**PROVIDED MATERIAL**
+ + + + +

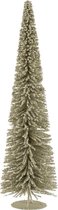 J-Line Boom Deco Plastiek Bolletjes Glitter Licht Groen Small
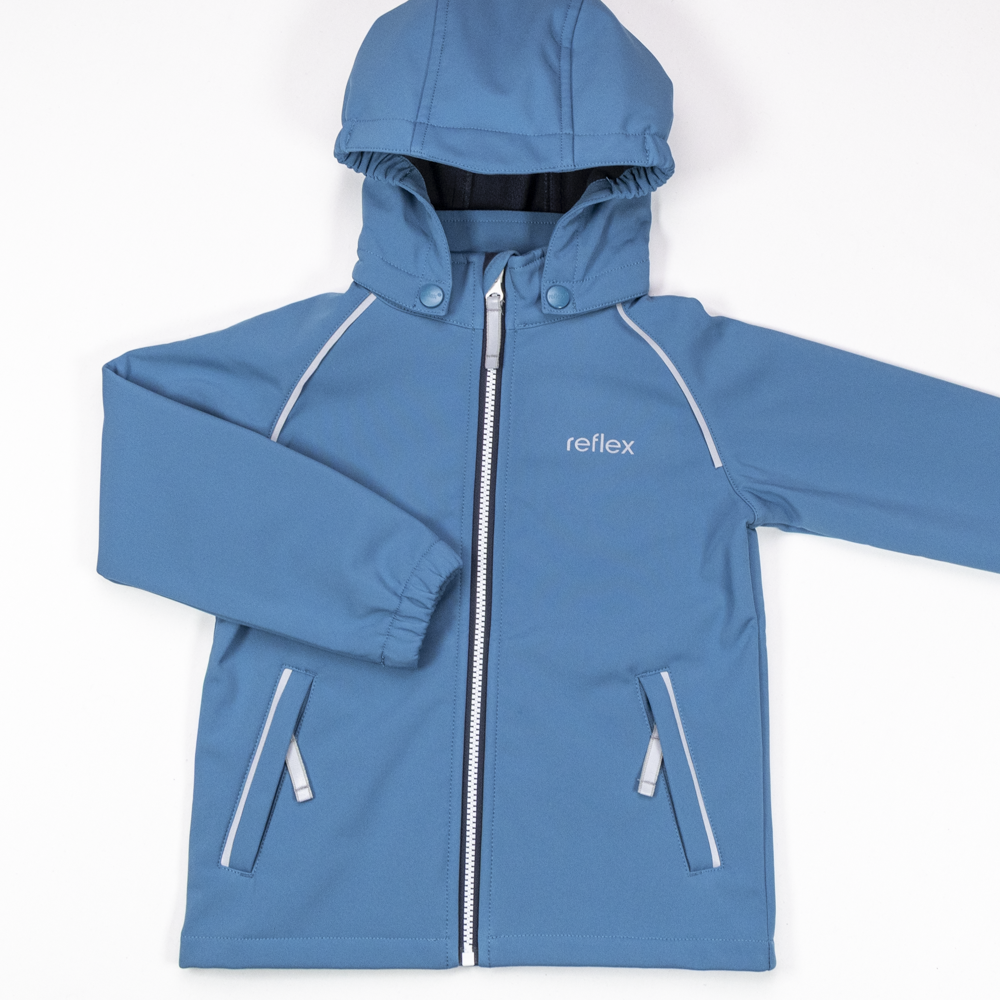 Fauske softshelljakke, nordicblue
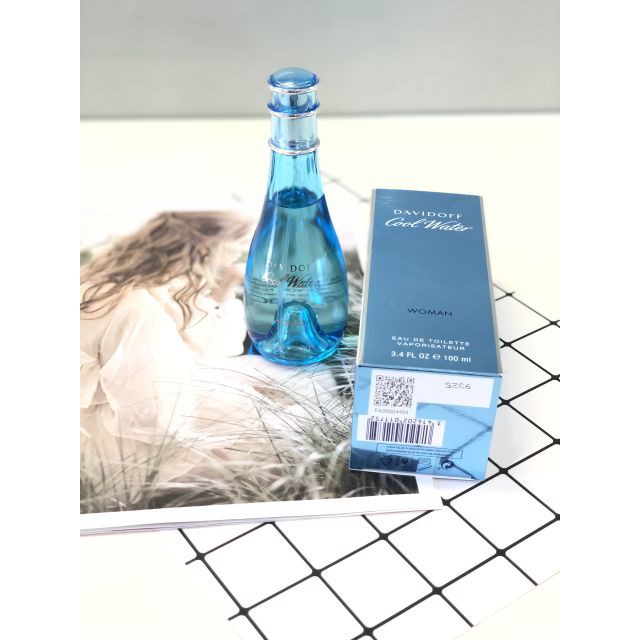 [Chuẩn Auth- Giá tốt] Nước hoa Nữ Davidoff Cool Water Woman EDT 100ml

+ + + + +

**ASSIGNED TASK**
Apart from the pictures, the whole listing should be reproduced exactly.

**ANSWER BOX**
 J-Line Boom Deco Plastiek Bolletjes Glitter Licht Groen Small
 Fauske softshelljakke, nordicblue
 [Chuẩn Auth- Giá tốt] Nước hoa Nữ Davidoff Cool Water Woman EDT 100ml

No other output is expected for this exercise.